Belinda Barber’s original birth certificate was stolen years ago and, when she requested a replacement, she failed to notice the new card stated her name as Balinda rather than Belinda.

In December, Barber applied for E.I. after losing her sales and training job. The Calgarian was shocked to discover her E.I. application had been closed as Service Canada had discovered the name on her birth certificate differed from the name she provided on her paperwork.

“The E in my name was changed to an A so when I went to try to explain to EI all of this, they said that this isn’t acceptable,” said Barber.

Barber was told she would need to legally change her name, a process that would likely take more than eight months at a cost of up to $500, to amend the issue.

The 53-year-old says she has a valid Canadian passport and NEXUS card bearing the correct spelling of her name, she has paid taxes to the Canadian Revenue Agency as Belinda Barber for the better part of four decades and all of her school records include the name Belinda.

Barber’s Ontario-issued birth certificate was recreated using the information provided in the handwritten form her mother had filled out in hospital. The Ontario government insists the original form says Balinda.

The Calgarian says she was ready to give up when she reached out to CTV Calgary. “With the amount of frustration and the runaround that they gave me, it was almost getting to the point where it wasn't even going to be worth it to even continue on because I had come to a roadblock.”

CTV Calgary attempted to contact Service Canada on Barber’s behalf. Prior to Service Canada issuing a response to CTV’s request, Barber received a phone call asking her to present additional identification and to provide a signature in-person.

Barber’s E.I. claim is now being processed and she expects to receive benefits in the near future. She suspects she has missed out on several weeks of coverage as a result of the error.

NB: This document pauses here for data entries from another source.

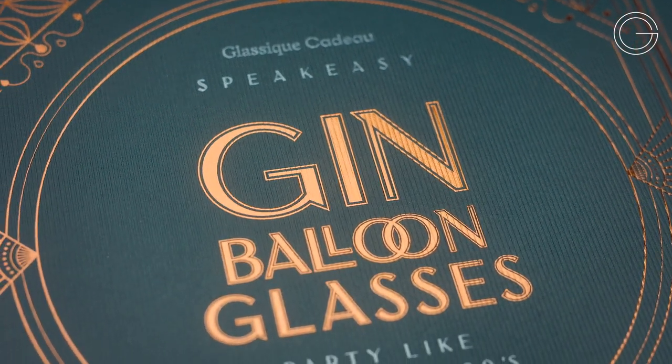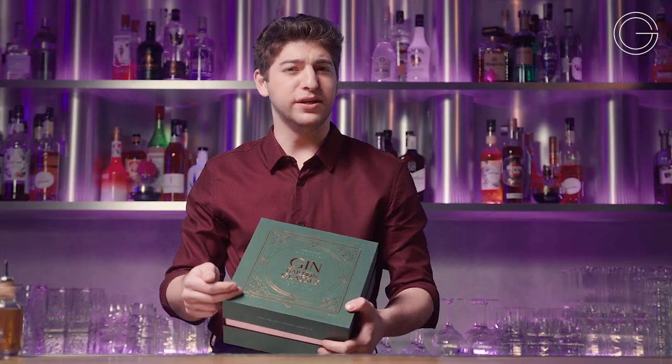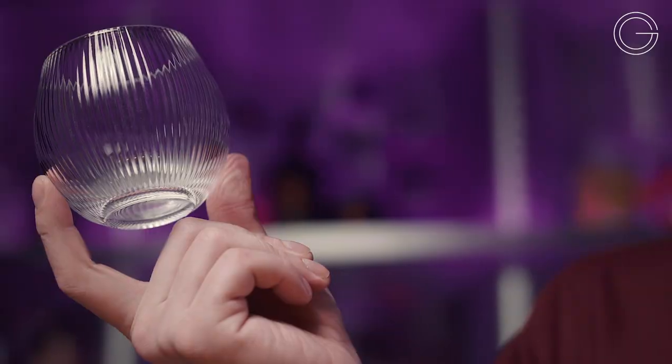Next up from our classic speakeasy collection is our Gin Balloon glasses. The sturdy box and the deep green hues invite you to have a roaring good time.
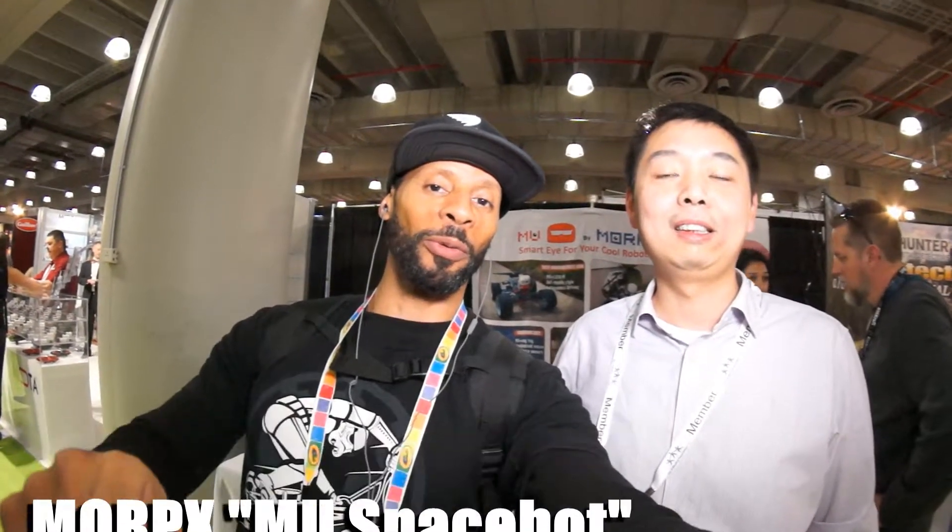I'm here at the Moo booth with Tian Li. He's going to tell us all about Moo. It's this really cool thing — I'm not going to spoil it for you, he's going to tell us all about it right now.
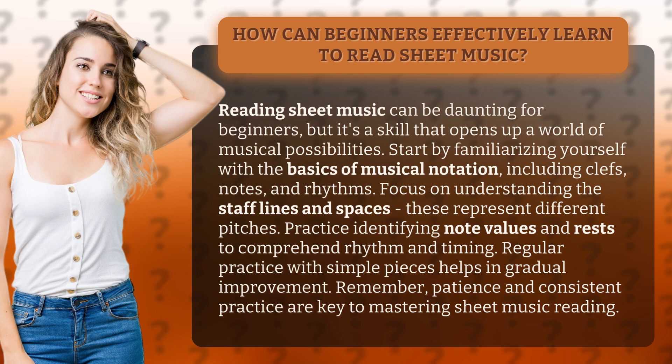Start by familiarizing yourself with the basics of musical notation, including clefs, notes, and rhythms. Focus on understanding the staff lines and spaces — these represent different pitches. Practice identifying note values and rests to comprehend rhythm and timing.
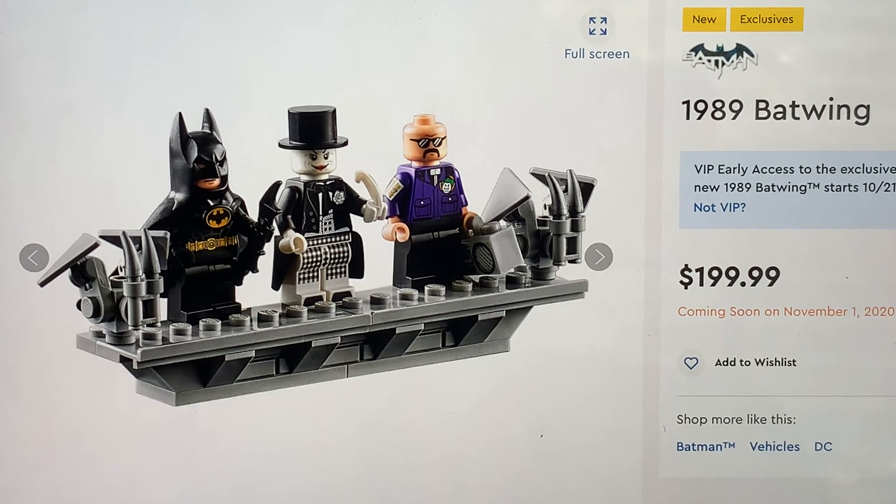Thank you so much for watching. Let me know what you think about the 89 Batman movie - what's your favorite moment, what's your favorite Batman movie, and what figure would you like to see in any of these sets? Those are all the figures: you get Lawrence the boombox goon, which is awesome; you get the Joker obviously - Jack Nicholson in the mime outfit, which is very well done and is probably my favorite figure in the set; and obviously you get the Keaton Batman again, which is a carryover from the Batmobile.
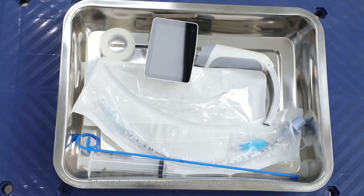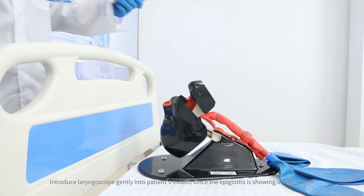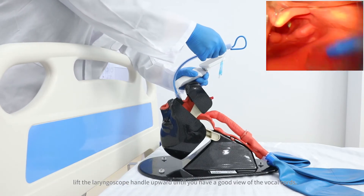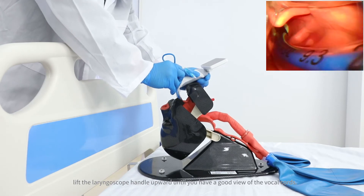Before intubation, make sure all equipment is properly prepared. Introduce the laryngoscope gently into the patient's mouth. Once the epiglottis is showing on the screen, lift the laryngoscope handle upward until you have a good view of the vocal cords.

Employment Canada has not provided an explanation as to why Barber was not contacted when the discrepancy was discovered but officials say applicants should request a follow-up if they feel they were wrongfully denied.

A federal panel created to study the E.I. system found many applicants face long delays, even with error-free birth certificates.

“It clearly is a horror story when people at a very, very sensitive time in their lives, when they need Employment Insurance to pay the mortgage to buy groceries, are not getting service from the government,” said Terry Duguid, Winnipeg-South MP.

Barber says she’s glad her E.I. application issue has been addressed and she can now concentrate on searching for a job.